Is it possible to use L1 cache instead of shared memory when implementing blocked matmuls in CUDA

Hi, I’ve read many articles about optimizing matmul in CUDA, and all of them implement an algorithm like this: first load a tile of matrix A, and a tile of matrix B to shared memory, and the load from shared memory for the actual computation.

I was wondering, for the same tiled implementation, is it possible to directly load from global memory, and assume that the loaded tiles will reside in L1 cache for the computation of this tile? Basically everything is the same as the shared memory version, but relying on L1 cache rather than shared memory. This would be more like an optimized GEMM implementation on CPUs.

Here’s the code that explains the version that uses shared memory:

void kernel(float* a, float* b, float* c, int M, int N, int K) {
    int tx = threadIdx.x;
    int ty = threadIdx.y;
    int m = blockIdx.y * BM;   // starting index of the block
    int n = blockIdx.x * BN;   
    int _m, _n, _k;  // inner dimensions

    __shared__ float a_block[BM][BK];
    __shared__ float b_block[BK][BN];

    float sum = 0;
    for (int k = 0; k < K; k += BK) {
        _m = ty;  
        _k = tx;  
        a_block[_m][_k] = a[(m+_m)*K + k+_k];

        _k = ty;
        _n = tx;
        b_block[_k][_n] = b[(k+_k)*N + n+_n];


        _m = ty;
        _n = tx;
        for (int _k = 0; _k < BK; _k++) {
            sum += a_block[_m][_k] * b_block[_k][_n];


    _m = ty;
    _n = tx;
    c[(m+_m)*N + n+_n] = sum;

What I am proposing is 1. keep the blocked structure, but directly load from global memory so that the tiles reside in L1 cache for reuse. That way the implementation can be simplified, taking advantge of the HW-managed L1 cache, which is as fast as shared memory. Any problem with that? Thanks!

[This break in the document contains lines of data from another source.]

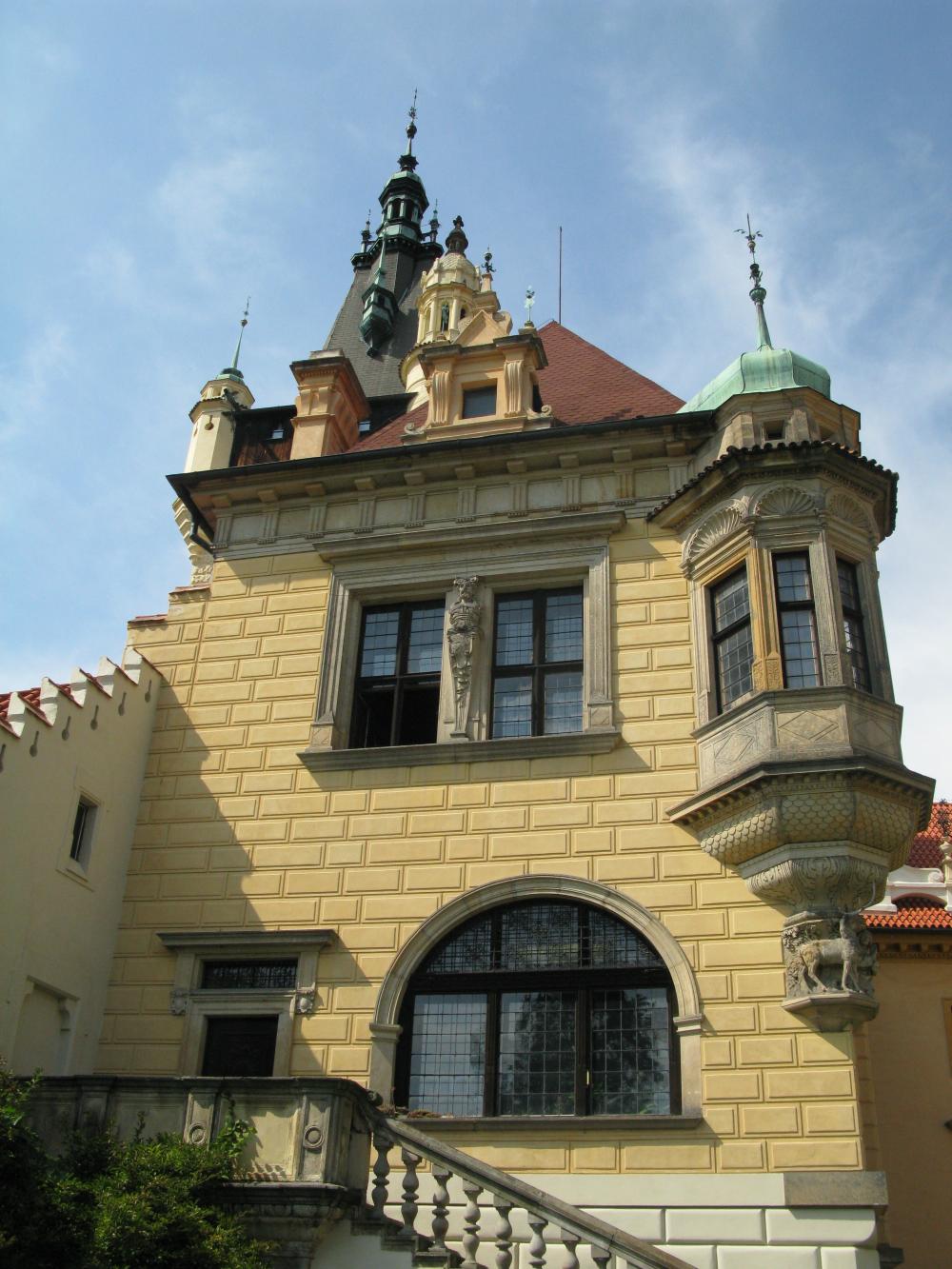 Část zámku v Průhonicích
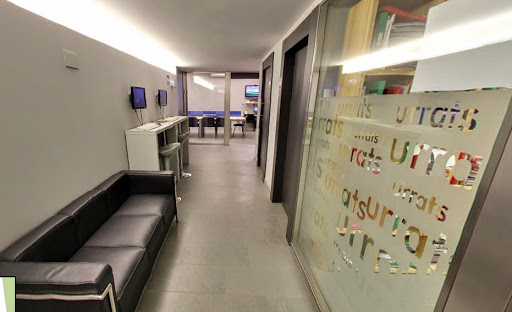 Urrats Euskaltegia - Karlos I, Escuela de idiomas en Donostia-San Sebastian,Gipuzkoa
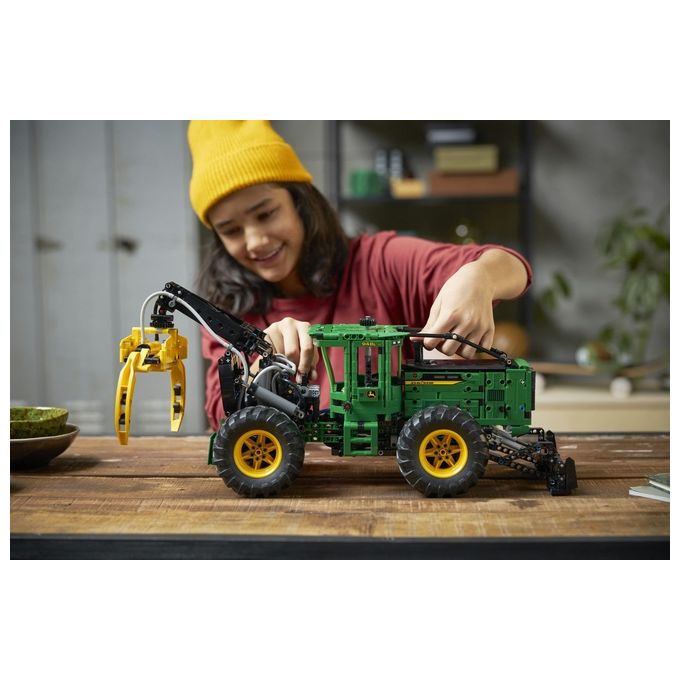 LEGO Technic 42157 Trattore John Deere 948L-II, Modellino da Costruire di Veicolo Giocattolo con Funzioni Pneumatiche e 4WD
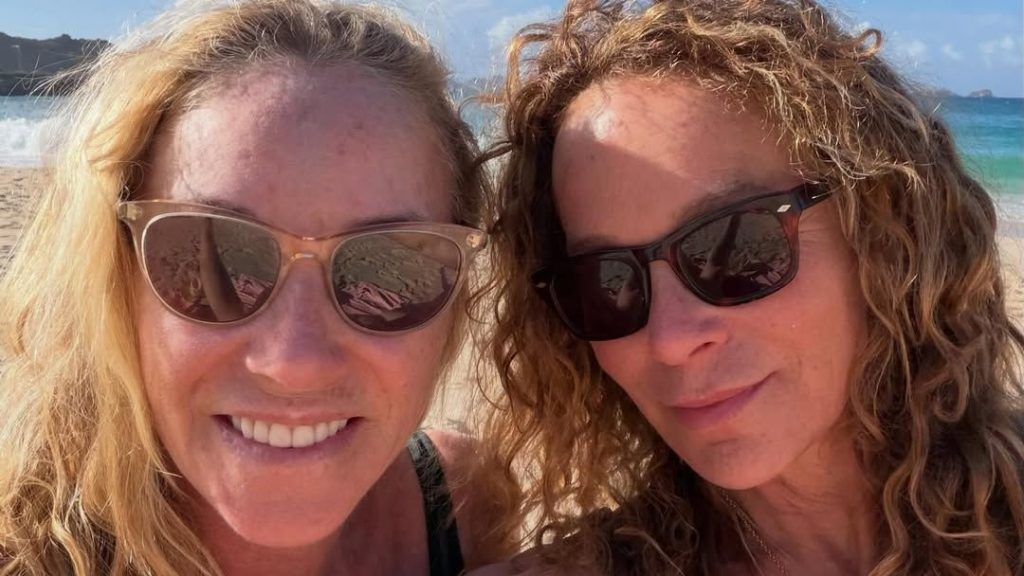 Shania Twain desafia padrões aos 60 e curte praia de biquíni sem se importar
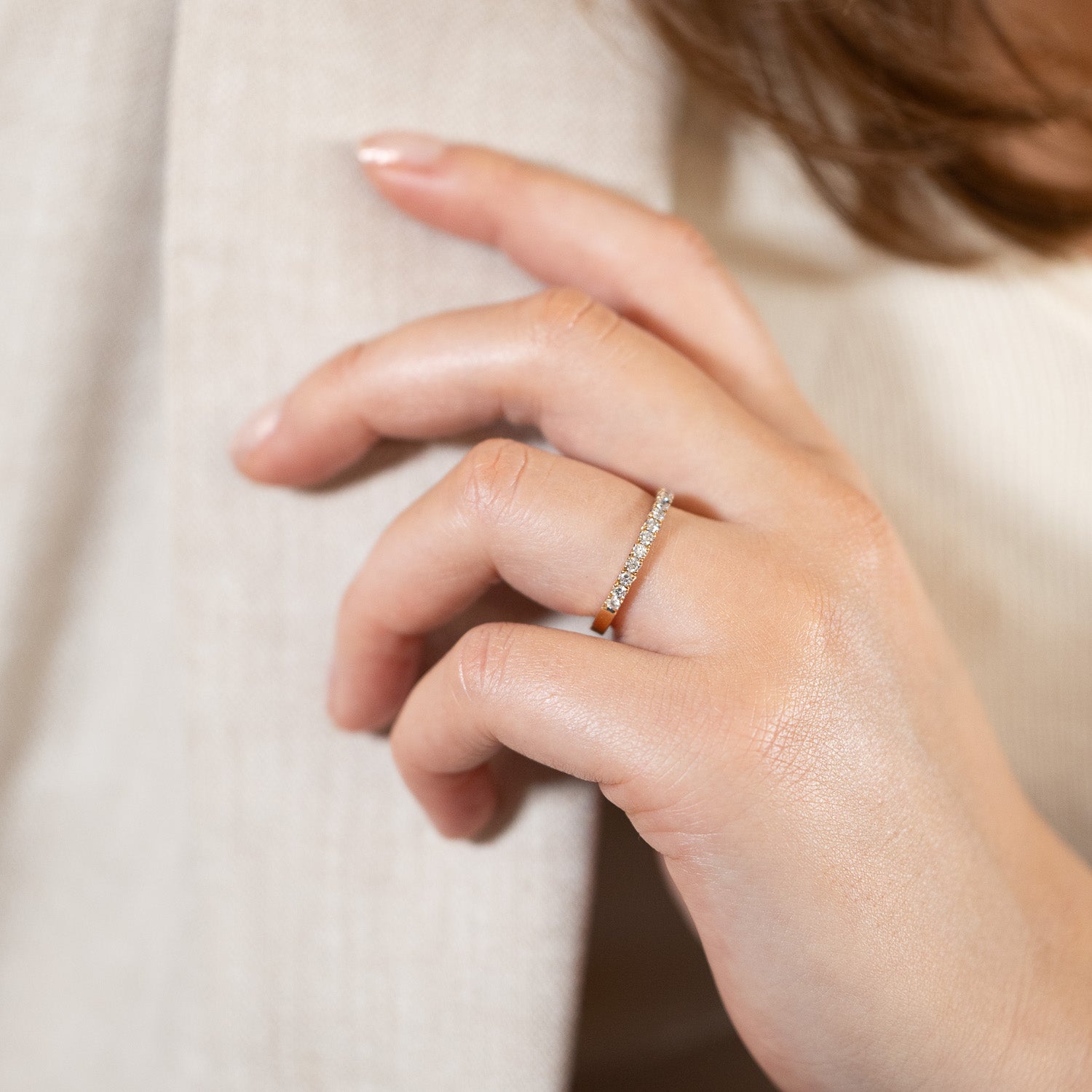 Grynge – Eleganter Ring aus 18 Karat Gold mit Diamanten in Fishtail-Fassung
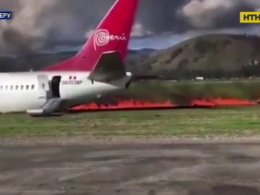 У Перу під час аварійної посадки спалахнув пасажирський літак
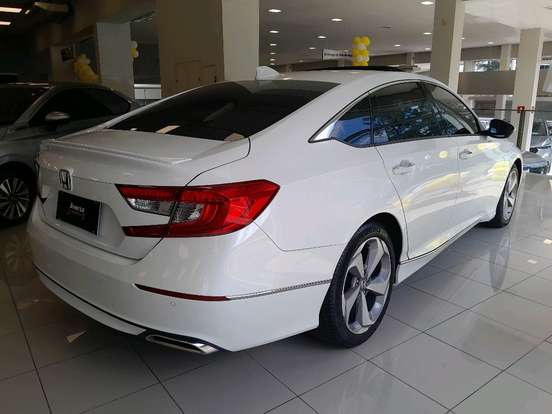 HONDA-ACCORD-2018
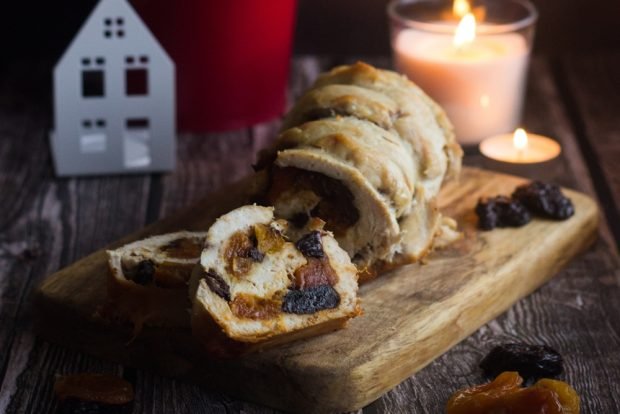 Turkey roll with dried fruits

Is it possible? Sure. Is it going to be faster than a version using shared memory? Unlikely.

One way to think about shared memory is as a programmer-managed cache, with full control in the hands of the programmer. With caches it is never guaranteed that a particular piece of data resides in the cache at any particular time, one can only assess the likelihood of that being the case depending on fill policy, replacement policy, write policy, etc.

If you restrict yourself to GEMM with square matrices and a single transpose mode (N, T is a popular choice for this), you could easily explore the alternatives yourself in a couple of days, and develop the cache blocking approach further if early results appear promising: extend to matrices of any aspect ratio, all transpose modes, multiple GPU architectures. CUBLAS is mature and can be used as a performance yardstick.

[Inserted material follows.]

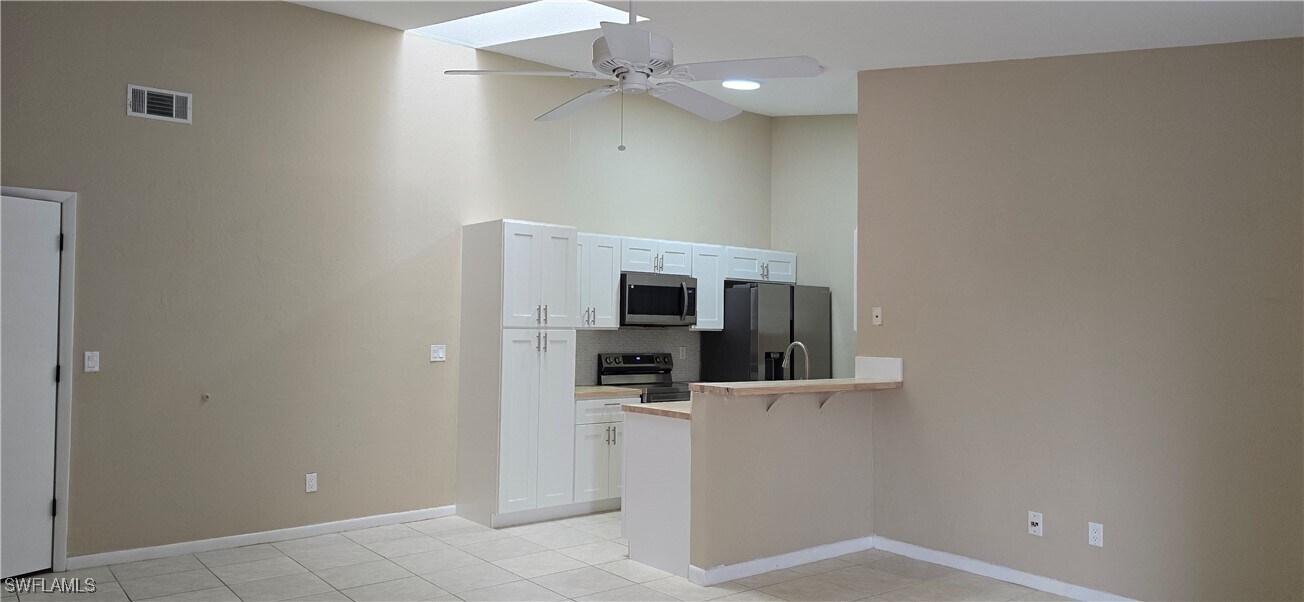 822 SW 47th Terrace in Cape Coral, FL - Foto de edificio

If you perform a thorough literature search (Google Scholar is a good starting point), you may even find that someone explored this earlier, and benefit from their findings.

1 Like

I see thank you very much for the explanation! I’ve wondered why CPUs don’t use a L1-cache/shared memory combined approach, and let the programmer explicitly place data in the cache. It seems to be very helpful to have both automatically HW managed cache and programmer controlled cache, like shared memory in GPUs so that when we do need explicit cache control it’s at our disposal. Any reasons CPUs are not designed that way?

My memory is hazy but to my recollection there have been (and probably still are) CPUs with scratch pad memory {instead of | in addition to} caches. As I recall, mostly in the embedded and signal processing space, with the goal of providing full programmer control and completely predictable timing. But caches are something that accelerates the vast majority of memory accesses automagically, so is more comfortable for programmers to use while being sufficient for good performance across a large set of use cases.

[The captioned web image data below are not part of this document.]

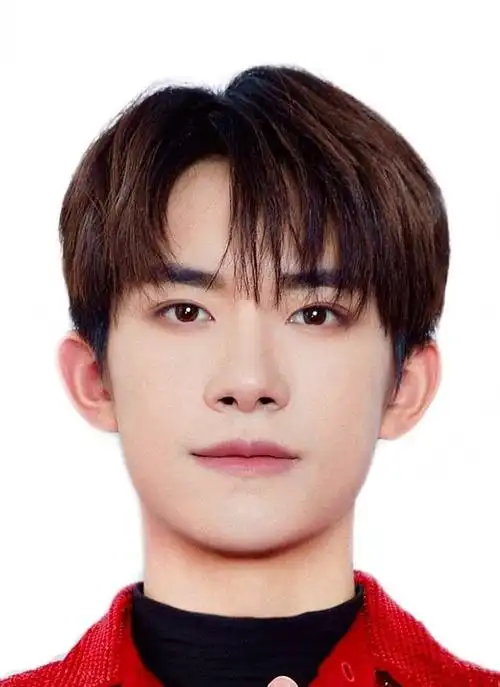 易烊千玺证件照,清爽帅气又酷又正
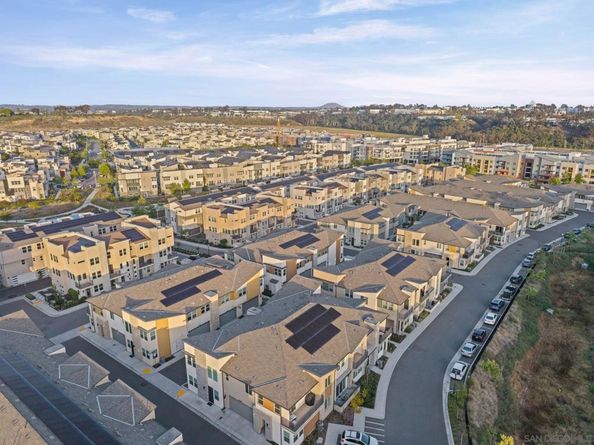 10656 Anima, San Diego CA 92126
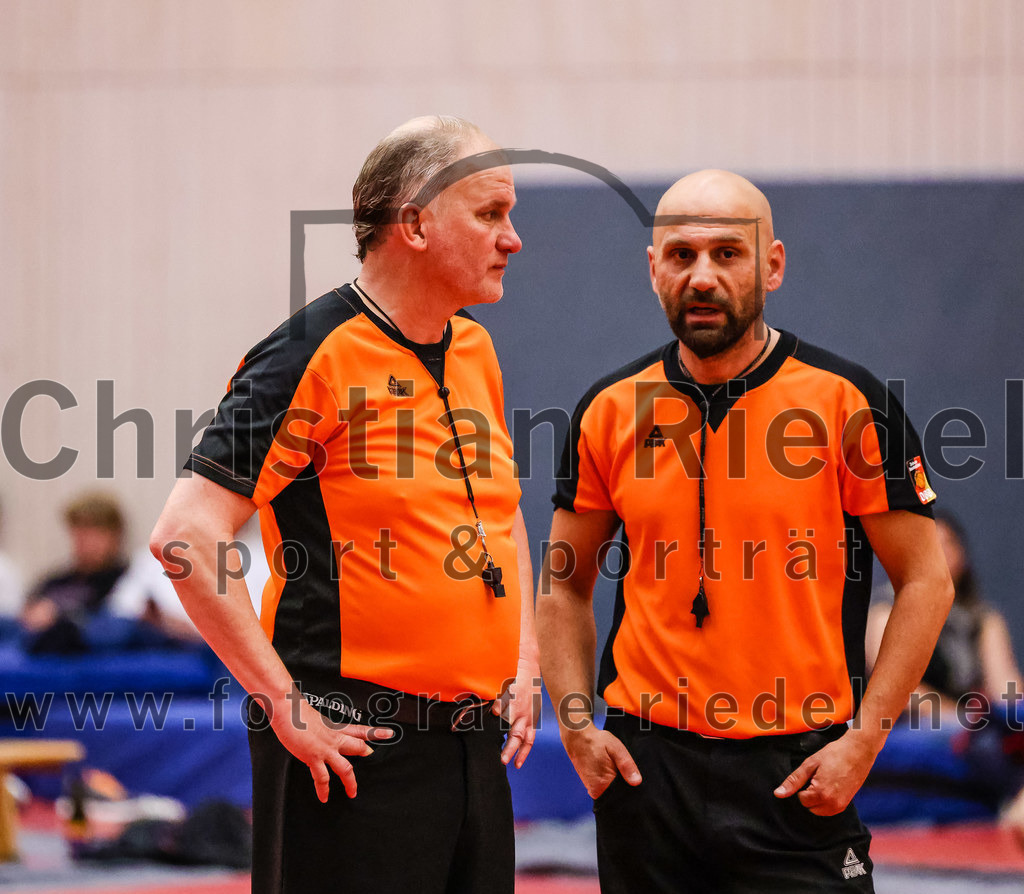 2022-05-29_040_SpVgg_Altenerding_gegen_Muenchen_Basket_2 | Erding, Deutschland, 29.05.2022:
Basketball, Bezirksliga 2021 / 2022, Herren Turnier der 2. der Aufstiegsrunden, SpVgg Altenerding gegen München Basket 2, Endergebnis: 

Foto: Christian Riedel / fotografie-riedel.net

GPUs used for CUDA started without a classical L1/L2 cache hierarchy and featured only constant cache and texture cache inherited from graphics. As GPU compute was new and unproven as a market, only minimal extension to existing hardware was warranted, and the cheapest way to provide something cache-like was shared memory. Now GPU compute (across all application areas from HPC to AI) is a giant market, major investments are possible, and GPUs have adopted many classical CPU features, while at the same time CPUs have been equipped with GPU-like features (see the Fugaku supercomputer, for example).

I think it is fair to say that the importance of shared memory in CUDA programming has decreased with the advent of L1/L2 caches of competitive size in GPUs. For use cases requiring peak performance, shared memory can still be important due to the programmer control it provides. CUDA programmers are free to choose, just like they can choose the method of data movement between host and device: classical explicit copies under full programmer control or unified memory management magic, with the former often preferable where peak performance is required.

That’s very well said! Thank you for offering the historical/investment point of view. It makes much more sense why CPUs/GPUs are designed the way they are when we looked at how each started and evolved. And I agree with the final remarks as well, i.e. CUDA programmers are free to choose different methods based on their needs. Thanks again for your insights! Very helpful!